When most people think of celebrity real estate, shipping containers don't typically come to mind. But actor Simon Rex — best known for his role in Red Rocket — has quietly become one of the more interesting case studies in practical off-grid living, trading conventional housing for a compact, solar-powered container setup that handles his daily needs without a utility bill in sight.
Rex's home is built around a standard 40-foot intermodal shipping container, the same steel boxes that cross oceans stacked nine-high. Repurposed as a dwelling, a single 40-footer gives you roughly 320 square feet of interior space — tight, but workable when the layout is engineered thoughtfully. Insulation is typically the first engineering challenge builders face: spray foam on the interior walls handles both thermal bridging and condensation, with R-values in the R-20 to R-30 range achievable depending on foam thickness and whether rigid board is added externally.

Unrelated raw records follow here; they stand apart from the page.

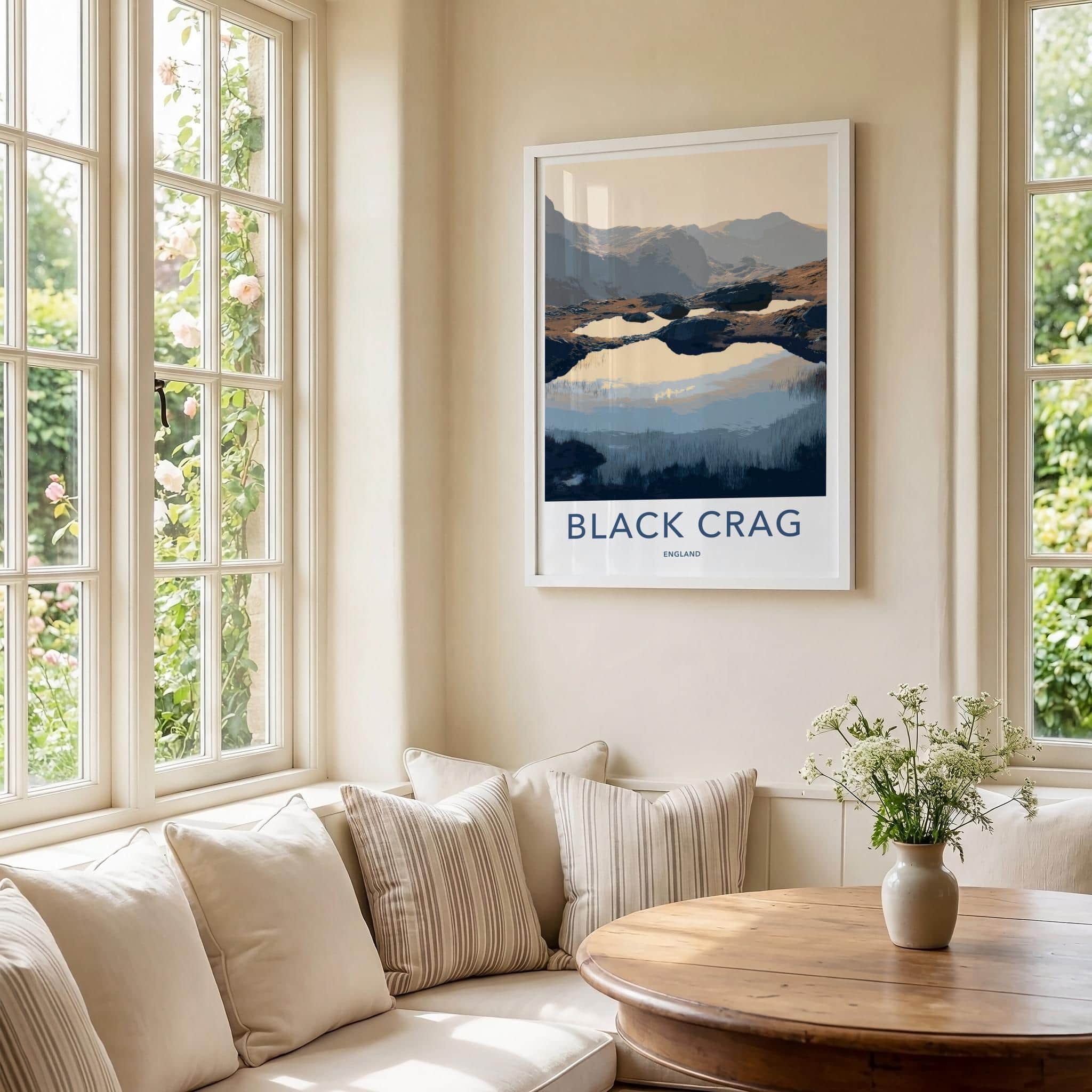 Black Crag Poster - England Travel Art - Mountain Tarn Reflections Wall Decor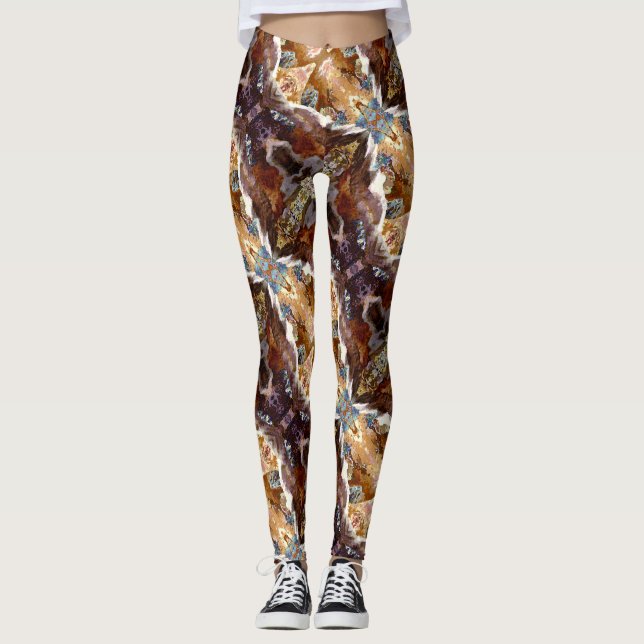 Tropical Coral Ocean Pattern Brown Leggings (Anverso)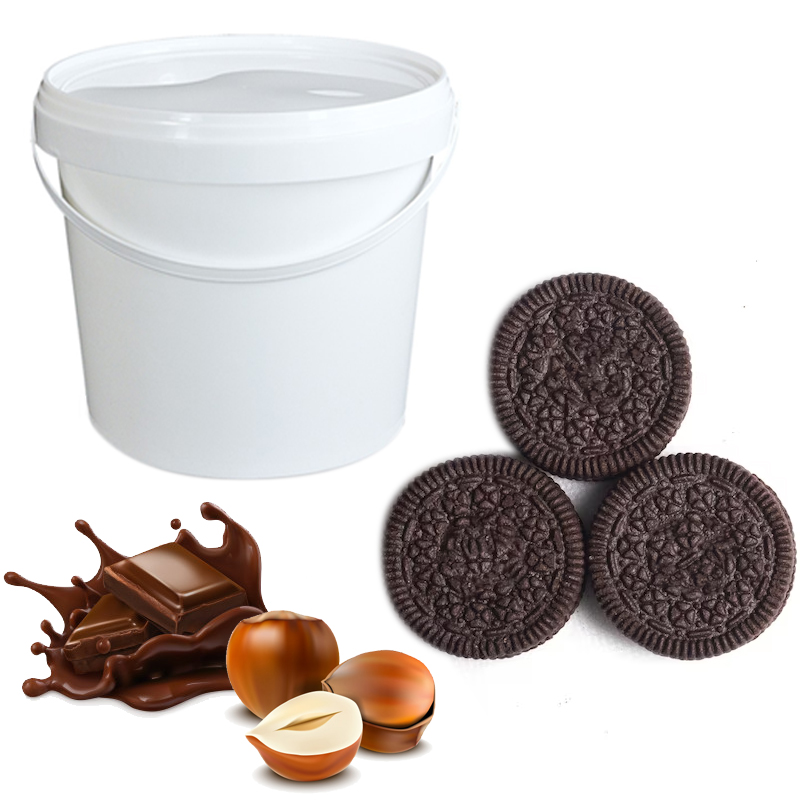 Crema chocolate bca.galleta negra c/avellana crocante creax (cubo 3 kg.)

On the power side, a modest off-grid solar array — typically 2 to 4 kW of panels paired with a 10–20 kWh lithium battery bank — is more than sufficient for a single-occupant container home running efficient appliances. All-in system costs for that scale of solar storage generally land between $8,000 and $15,000 installed, depending on location and inverter spec. Rainwater harvesting and a composting toilet round out the typical off-grid utility stack.
Total build costs for a finished, solar-equipped container home vary widely: a DIY-heavy approach can come in under $30,000, while a contractor-built turnkey unit with quality finishes runs $60,000–$90,000. Compare that to the U.S. median home price hovering above $400,000 and the math starts looking compelling — especially for someone willing to right-size their space and take energy seriously.
What makes Rex's choice notable isn't the celebrity angle — it's the signal it sends about viability. Container homes have shed much of their novelty stigma and are increasingly appearing in zoning-approved tiny home communities, rural homesteads, and ADU projects. For builders and makers exploring low-footprint housing, the container format remains one of the more structurally sound and cost-transparent starting points available.